Novosibirsk, 5-7 June, 2012
On the second day of the Side by Side LGBT Film Festival in Novosibirsk organizers and audience came under serious threat from a homophobic mob of aggressive youths. The youths, numbering around 30 or so in total, had surrounded the shopping centre where the screening was taking place in a multiplex on the fourth floor of the building. Prior to the start, during and at the end of the event the youths gathered around the screening hall, shouting insults and it was clear from their discussions with each other and behavior that they were intent on violence.
Organizers of the festival complained multiple times to the police, who were in force but outside the building overseeing a picket in support of the homophobic law that has its second reading in the local Novosibirsk parliament today, 7th June, 2012. The youths, eventually on the request of the police, left the multiplex only to return however within minutes and again begin hassling organizers. This pattern was repeated throughout the entire period of the event. Failing entirely in their duties and the attempt to maintain effective public order and safety the threat of violence and danger to both audience members, volunteers and organizers was imminent.
At 21.00 when the screening came to end the mob of youths had gathered outside the building. Transportation was organized for both audience members and organizers. Security guards escorted visitors of the festival to their awaiting cars and taken away safely. Last to leave were the festival organizers. An attempt was made to smash the rear passenger window of the taxi.

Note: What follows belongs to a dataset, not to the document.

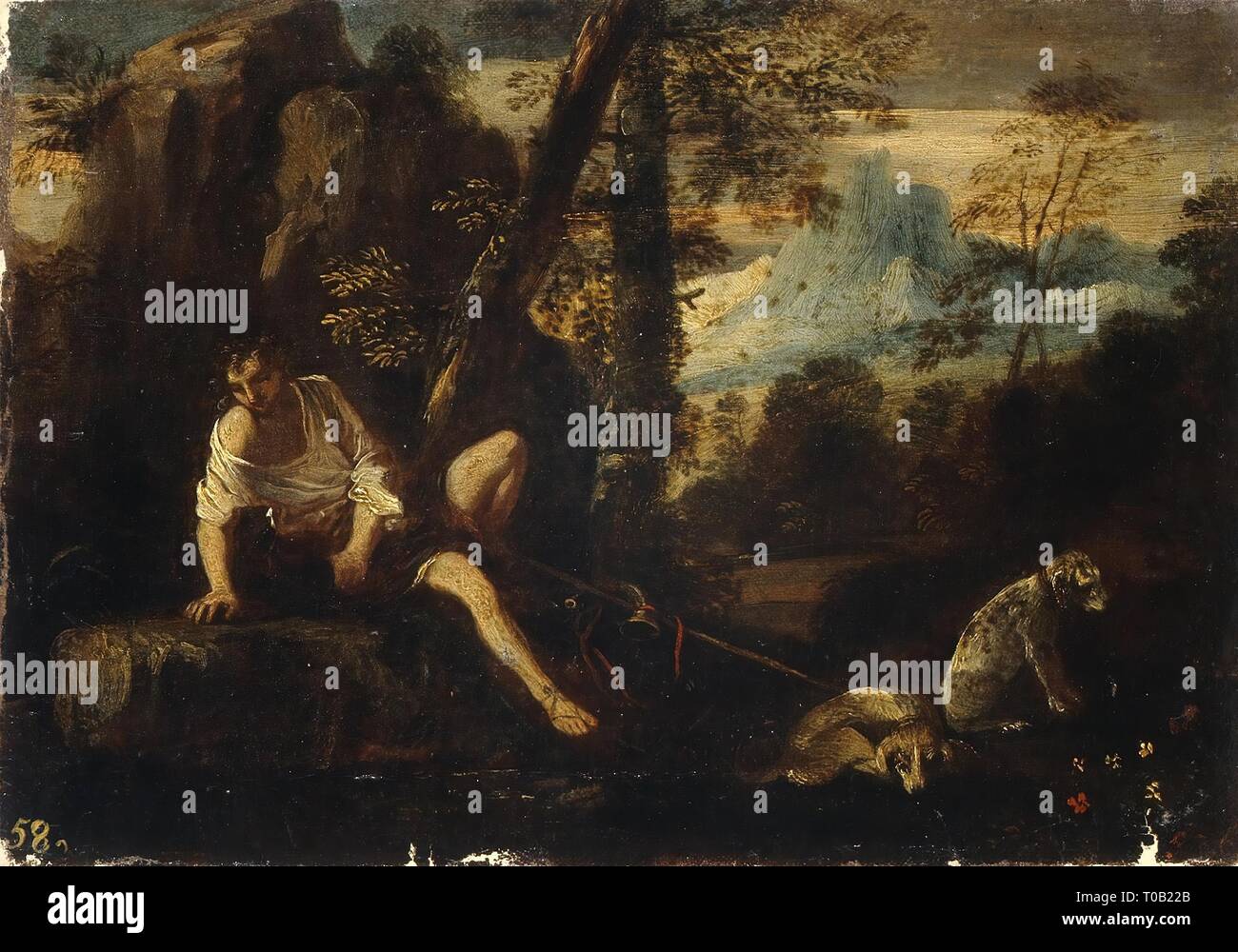 "Narciso". Italia, 1645-1647. Dimensioni: 20,5x29,5 cm. Museo: Membro Hermitage di San Pietroburgo. Autore: Pier Francesco Mola. Foto Stock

The youths had organized cars and a motorcycle to follow the organizers and police took no measures to stop their pursuit. It was only the high speed driving skills of the taxi driver that the organizers were able to escape without being followed.
In a conversation with festival director Gulya Sultanova, one of the police heads stated: “Why have you circulated information about your festival? I don’t plan to be here tomorrow and protect you.”
Police indifference and their lack of concern to protect peaceful, law abiding citizens from violent thugs forced the festival organizers to cancel the final day of screenings out of reasons of safety.
Tomsk, 8 – 10th June, 2012
The festival in Tomsk took place without problems. It opened successfully and well-known Moscow journalist from “Novaya Gazeta” Elena Kostyuchenko was in attendance. Together with other guests she took part in a discussion on LGBT censorship in Russian media held after the film homo@lv.
Tomsk proved to be a more tolerant city this year. In 2011 when there was the first attempt to hold the Side by Side Festival authorities banned the event placing threats on venues and forcing them to pull out.
Festival organizers Manny de Guerre and Gulya Sultanova: “When representatives of far-right groups dictate and set their own rules it becomes a very dangerous precedent for all. We will file a lawsuit for negligence and inaction of law enforcement agencies in Kemerovo and Novosibirsk and will do everything in our power to continue the work of the festival in these cities which are very much needed.”